The abstract states that LoKA Probe 'quantifies per-layer errors' but does not define the error metric (e.g., relative L2, maximum absolute deviation) or the acceptance threshold used to classify sites as safe.
Clarify how 'fast and slow sites' are distinguished during profiling and whether this classification incorporates both arithmetic throughput and communication costs.

Simulated Author's Rebuttal

2 responses · 0 unresolved

We thank the referee for the constructive comments on validation gaps in LoKA Probe and the need for evidence under full training dynamics. We agree these points require strengthening and will revise the manuscript with additional end-to-end experiments and long-horizon analysis while preserving the core co-design contributions.

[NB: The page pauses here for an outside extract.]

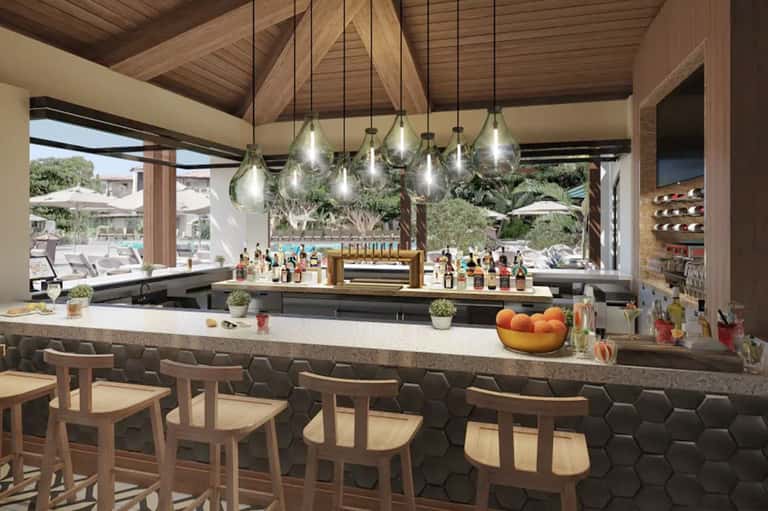 Upscale resort bar with pendant lights, wooden ceiling, bottles displayed, and outdoor seating visible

read point-by-point responses

Referee: [LoKA Probe description] The central claim that LoKA Probe correctly identifies all safe FP8 sites rests on per-layer statistical benchmarking, yet the description supplies no validation that isolated per-layer error bounds translate to stable end-to-end model quality; cumulative propagation through the embedding-to-logit path and SGD-induced distribution shifts are unaddressed.

Authors: We appreciate this observation. LoKA Probe employs conservative per-layer error quantification under realistic activation distributions precisely to bound potential propagation effects, and its online profiling is meant to track SGD-induced shifts. However, the manuscript does not include explicit end-to-end validation showing that per-layer decisions preserve full-model quality across the embedding-to-logit path. In revision we will add full-training experiments comparing LoKA-enabled models against FP16 baselines, with measurements of cumulative error and quality metrics at multiple training checkpoints. revision: yes
Referee: [LoKA Mods and LoKA Dispatch] LoKA Mods and Dispatch presuppose that profiled sites remain safe throughout full training runs, but no experiments or analysis demonstrate that the adaptations prevent quality loss under realistic LRM training dynamics (e.g., long-horizon SGD with inter-layer normalization dependencies).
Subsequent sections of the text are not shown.